Technical information
- Licensing authority: FCC
- Facility ID: 28303
- Class: A
- ERP: 5,000 watts
- HAAT: 90 meters (300 ft)
- Translator: 105.3 W287CK (Springfield)

Links
- Public license information: Public file; LMS;
- Webcast: Listen live
- Website: greatnewsradio.org

= WLLM-FM =

WLLM-FM (90.1 FM) is a radio station broadcasting a Christian radio format. Licensed to Carlinville, Illinois, United States, the station is owned by Great News Radio, through licensee Good News Radio, Inc.

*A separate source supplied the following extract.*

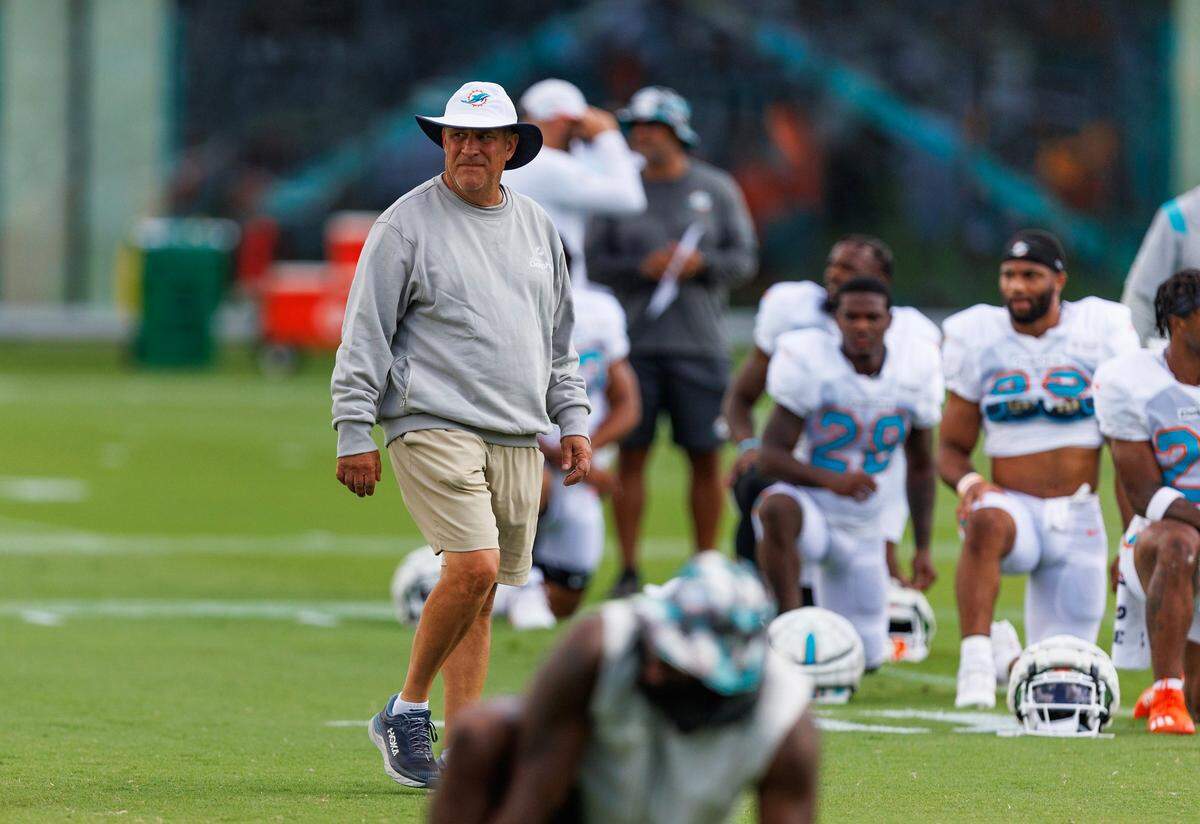 La defensa de los Dolphins ha logrado avances significativos en las prácticas al implementar el esquema de Vic Fangio.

WLLM-FM's format consists of Christian talk and teaching and inspirational music.

==History==
The station began broadcasting on August 11, 1997, and held the call sign WTSG. It aired a southern gospel format, and was owned by the Illinois Bible Institute. WTSG was branded "Today's Solid Gospel" and was an affiliate of Salem Radio Network's Solid Gospel southern gospel network. In 2012, Cornerstone Community Radio, Inc., owner of 1370 WLLM in Lincoln, Illinois, purchased the then-WTSG for $50,000, and began simulcasting the Christian programming of WLLM on the station. On July 18, 2016, the station's call sign was changed to WLLM-FM. In 2019, the station was sold to Good News Radio. The sale, which included six sister stations and seven translators, was consummated on February 12, 2020 at a price of $1.1 million.